Expert systems technology is a discipline of artificial intelligence that has recently emerged from the research environment and is currently making significant inroads into business and industry. The proponents of expert systems make many attractive claims. Two of the claims are that expert systems can capture the knowledge of the experts and can be programmed by non-programmers. To date, most uses of this technology in the process industry are in off-line applications, that is, applications that are not directly tied to operating environments. Moreover, those that are used in on-line environments are used as advisors and only suggest changes, human operators are required to close-the-loop to the process. This technology should be applicable to operating environments and should the claims of its proponents be valid, then it should also be better than existing tools currently in use. In an operating environment it could use the knowledge of experienced operators as an intelligent controller and apply it directly to a process without the intervention of human operators.

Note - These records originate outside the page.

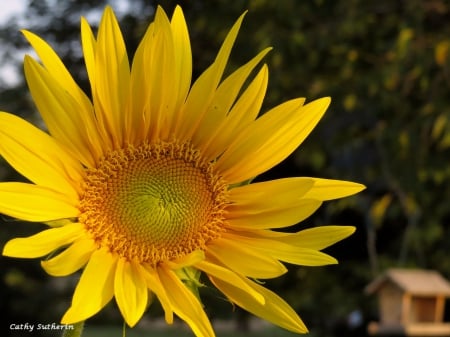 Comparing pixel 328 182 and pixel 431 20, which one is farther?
pixel 431 20

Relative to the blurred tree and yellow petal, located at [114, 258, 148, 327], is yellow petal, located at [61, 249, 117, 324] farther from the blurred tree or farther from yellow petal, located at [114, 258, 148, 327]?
the blurred tree

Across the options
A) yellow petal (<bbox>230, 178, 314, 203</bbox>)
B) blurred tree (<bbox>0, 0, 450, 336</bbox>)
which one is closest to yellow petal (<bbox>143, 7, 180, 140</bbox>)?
yellow petal (<bbox>230, 178, 314, 203</bbox>)

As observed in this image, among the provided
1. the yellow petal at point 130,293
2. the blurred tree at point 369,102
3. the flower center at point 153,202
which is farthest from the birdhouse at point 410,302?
the yellow petal at point 130,293

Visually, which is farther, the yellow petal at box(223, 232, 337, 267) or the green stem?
the yellow petal at box(223, 232, 337, 267)

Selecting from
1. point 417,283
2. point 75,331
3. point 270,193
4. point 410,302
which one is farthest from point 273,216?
point 410,302

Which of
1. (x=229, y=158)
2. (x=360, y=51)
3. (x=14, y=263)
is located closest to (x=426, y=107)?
(x=360, y=51)

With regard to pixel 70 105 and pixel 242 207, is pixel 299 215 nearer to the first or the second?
Result: pixel 242 207

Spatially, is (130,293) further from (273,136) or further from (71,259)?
(273,136) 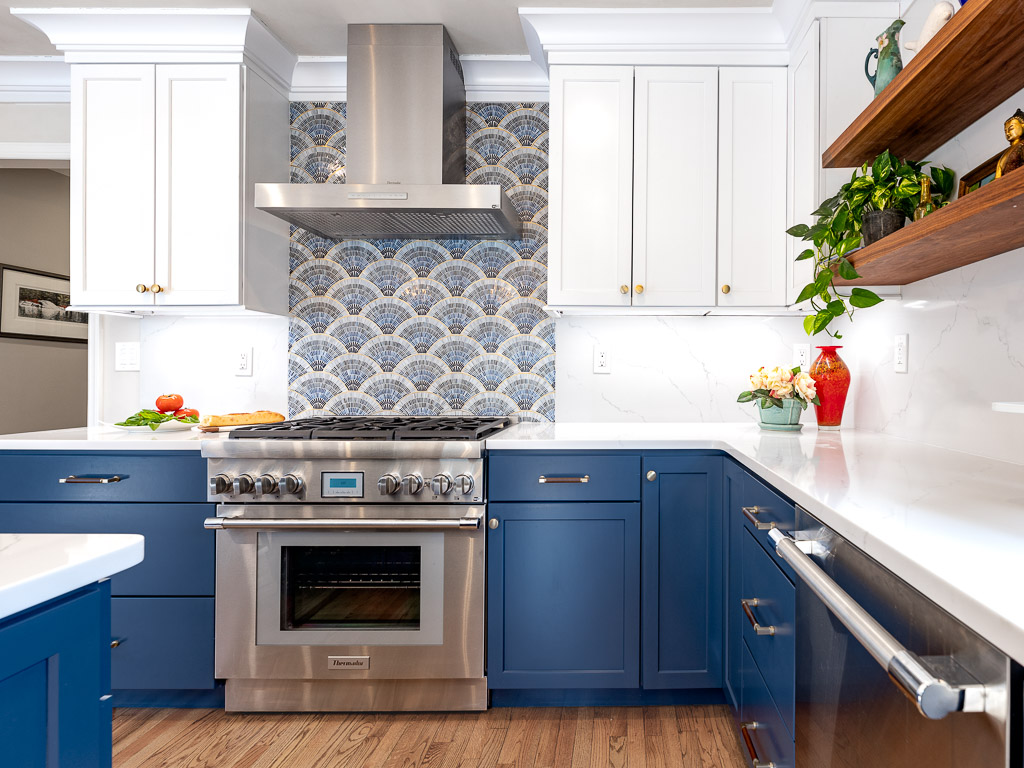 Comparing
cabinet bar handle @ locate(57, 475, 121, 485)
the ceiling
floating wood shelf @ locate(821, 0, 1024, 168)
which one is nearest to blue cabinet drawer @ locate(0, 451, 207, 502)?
cabinet bar handle @ locate(57, 475, 121, 485)

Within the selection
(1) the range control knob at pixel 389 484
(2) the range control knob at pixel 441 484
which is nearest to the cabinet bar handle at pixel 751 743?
(2) the range control knob at pixel 441 484

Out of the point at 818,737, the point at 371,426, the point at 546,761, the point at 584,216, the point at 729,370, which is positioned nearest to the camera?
the point at 818,737

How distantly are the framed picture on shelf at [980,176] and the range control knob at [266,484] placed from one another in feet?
6.74

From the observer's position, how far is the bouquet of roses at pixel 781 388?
2293 mm

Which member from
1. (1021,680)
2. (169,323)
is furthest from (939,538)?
(169,323)

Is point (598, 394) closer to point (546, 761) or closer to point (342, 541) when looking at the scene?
point (342, 541)

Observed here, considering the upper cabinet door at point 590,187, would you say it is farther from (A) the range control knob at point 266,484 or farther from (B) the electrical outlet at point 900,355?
(A) the range control knob at point 266,484

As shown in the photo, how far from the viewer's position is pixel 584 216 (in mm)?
2463

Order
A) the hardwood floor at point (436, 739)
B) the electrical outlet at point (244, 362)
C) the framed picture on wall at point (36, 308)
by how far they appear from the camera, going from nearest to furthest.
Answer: the hardwood floor at point (436, 739) < the electrical outlet at point (244, 362) < the framed picture on wall at point (36, 308)

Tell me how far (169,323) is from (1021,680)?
A: 9.99 ft

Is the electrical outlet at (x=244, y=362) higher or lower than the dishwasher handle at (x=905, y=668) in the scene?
higher

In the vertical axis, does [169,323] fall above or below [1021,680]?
above

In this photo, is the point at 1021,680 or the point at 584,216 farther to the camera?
the point at 584,216

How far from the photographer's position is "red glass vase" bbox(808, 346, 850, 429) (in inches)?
92.7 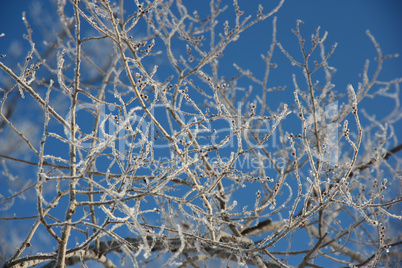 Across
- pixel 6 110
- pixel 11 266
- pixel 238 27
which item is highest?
pixel 238 27

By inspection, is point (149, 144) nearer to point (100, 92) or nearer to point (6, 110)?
point (100, 92)

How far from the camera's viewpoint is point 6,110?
356 cm

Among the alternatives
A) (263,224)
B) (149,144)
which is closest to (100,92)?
(149,144)

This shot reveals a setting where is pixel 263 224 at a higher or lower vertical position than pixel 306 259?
higher

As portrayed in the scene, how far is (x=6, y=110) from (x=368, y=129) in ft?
17.1

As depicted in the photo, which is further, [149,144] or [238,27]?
[238,27]

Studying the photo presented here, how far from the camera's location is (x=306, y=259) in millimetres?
2994

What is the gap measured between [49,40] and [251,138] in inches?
127

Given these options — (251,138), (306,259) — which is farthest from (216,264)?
(306,259)

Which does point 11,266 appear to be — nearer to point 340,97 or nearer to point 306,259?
point 306,259

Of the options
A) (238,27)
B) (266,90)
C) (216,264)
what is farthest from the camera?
(216,264)

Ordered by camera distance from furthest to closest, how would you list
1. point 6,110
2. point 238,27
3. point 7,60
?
point 7,60 < point 6,110 < point 238,27

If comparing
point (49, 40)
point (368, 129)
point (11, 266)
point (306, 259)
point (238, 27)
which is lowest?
point (11, 266)

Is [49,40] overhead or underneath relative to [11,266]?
overhead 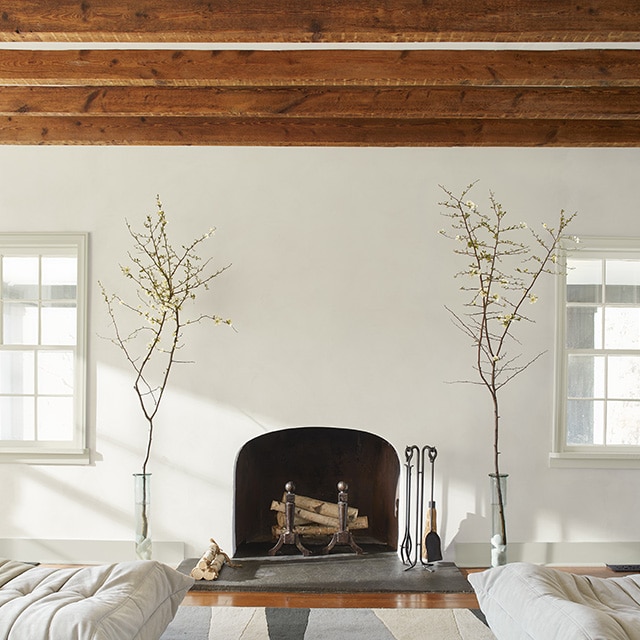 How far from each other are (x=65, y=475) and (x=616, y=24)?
4479 millimetres

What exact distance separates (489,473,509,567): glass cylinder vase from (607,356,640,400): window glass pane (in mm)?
1200

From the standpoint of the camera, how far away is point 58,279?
5578 millimetres

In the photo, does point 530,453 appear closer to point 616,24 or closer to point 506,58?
point 506,58

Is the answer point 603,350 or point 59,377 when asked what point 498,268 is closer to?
point 603,350

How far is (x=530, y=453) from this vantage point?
5.36 meters

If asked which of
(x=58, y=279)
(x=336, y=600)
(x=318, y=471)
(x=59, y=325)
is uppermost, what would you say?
(x=58, y=279)

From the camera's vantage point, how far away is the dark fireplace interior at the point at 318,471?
572cm

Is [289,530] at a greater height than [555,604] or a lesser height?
lesser

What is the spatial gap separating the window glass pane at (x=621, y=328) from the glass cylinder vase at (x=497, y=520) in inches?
54.2

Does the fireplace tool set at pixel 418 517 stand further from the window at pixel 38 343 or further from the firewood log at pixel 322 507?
the window at pixel 38 343

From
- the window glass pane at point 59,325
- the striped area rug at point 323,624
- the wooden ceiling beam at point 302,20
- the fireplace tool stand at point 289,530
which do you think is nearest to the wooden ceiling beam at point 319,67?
the wooden ceiling beam at point 302,20

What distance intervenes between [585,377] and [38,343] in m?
4.07

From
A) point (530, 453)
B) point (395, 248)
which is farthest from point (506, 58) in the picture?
point (530, 453)

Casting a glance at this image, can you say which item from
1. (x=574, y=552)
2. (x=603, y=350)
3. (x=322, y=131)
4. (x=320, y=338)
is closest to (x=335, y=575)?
(x=320, y=338) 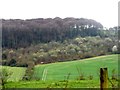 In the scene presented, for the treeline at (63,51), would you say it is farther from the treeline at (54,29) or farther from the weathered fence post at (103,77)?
the weathered fence post at (103,77)

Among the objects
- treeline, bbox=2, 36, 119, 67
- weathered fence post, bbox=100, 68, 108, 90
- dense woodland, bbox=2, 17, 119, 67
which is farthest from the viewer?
dense woodland, bbox=2, 17, 119, 67

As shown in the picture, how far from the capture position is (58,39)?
1642 centimetres

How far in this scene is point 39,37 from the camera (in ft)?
50.0

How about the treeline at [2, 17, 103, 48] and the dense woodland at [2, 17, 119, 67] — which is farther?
the treeline at [2, 17, 103, 48]

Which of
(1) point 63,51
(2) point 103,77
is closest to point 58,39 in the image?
(1) point 63,51

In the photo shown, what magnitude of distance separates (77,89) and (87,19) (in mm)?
12663

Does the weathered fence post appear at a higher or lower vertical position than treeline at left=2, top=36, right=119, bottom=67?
higher

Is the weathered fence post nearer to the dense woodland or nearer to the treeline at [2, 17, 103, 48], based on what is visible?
the dense woodland

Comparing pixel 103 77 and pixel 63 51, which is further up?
pixel 103 77

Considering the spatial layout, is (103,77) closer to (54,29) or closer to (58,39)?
(54,29)

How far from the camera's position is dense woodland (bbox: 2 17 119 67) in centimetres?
1198

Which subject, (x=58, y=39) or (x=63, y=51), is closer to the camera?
(x=63, y=51)

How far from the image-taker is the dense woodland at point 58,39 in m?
12.0

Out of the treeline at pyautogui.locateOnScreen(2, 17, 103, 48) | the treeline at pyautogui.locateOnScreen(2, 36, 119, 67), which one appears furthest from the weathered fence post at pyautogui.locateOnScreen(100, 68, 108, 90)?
the treeline at pyautogui.locateOnScreen(2, 17, 103, 48) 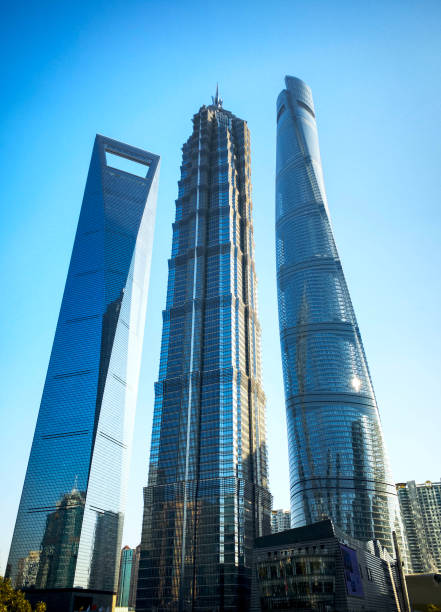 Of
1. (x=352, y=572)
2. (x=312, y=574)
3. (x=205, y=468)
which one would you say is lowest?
(x=312, y=574)

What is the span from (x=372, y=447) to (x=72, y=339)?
117 metres

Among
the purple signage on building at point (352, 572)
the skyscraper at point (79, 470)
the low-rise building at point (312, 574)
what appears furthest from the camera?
the skyscraper at point (79, 470)

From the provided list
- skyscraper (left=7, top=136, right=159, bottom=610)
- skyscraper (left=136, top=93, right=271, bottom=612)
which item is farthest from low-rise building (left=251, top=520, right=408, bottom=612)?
skyscraper (left=7, top=136, right=159, bottom=610)

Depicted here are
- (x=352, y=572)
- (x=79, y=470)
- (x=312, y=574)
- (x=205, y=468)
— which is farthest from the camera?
(x=79, y=470)

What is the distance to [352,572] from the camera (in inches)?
3824

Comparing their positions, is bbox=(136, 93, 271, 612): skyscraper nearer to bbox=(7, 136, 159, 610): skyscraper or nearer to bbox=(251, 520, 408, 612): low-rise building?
bbox=(7, 136, 159, 610): skyscraper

In this thesis the prospect of using an expert system as an intelligent controller is investigated. The thesis offers background to expert systems, how expert systems are related to artificial intelligence and what the generic components of an expert system are. As a test of the technology an expert system was developed as an intelligent controller in a mineral processing application. The prototype expert system was developed as a supervisory controller in the copper flotation circuit in the concentrator at Brenda Mines Ltd..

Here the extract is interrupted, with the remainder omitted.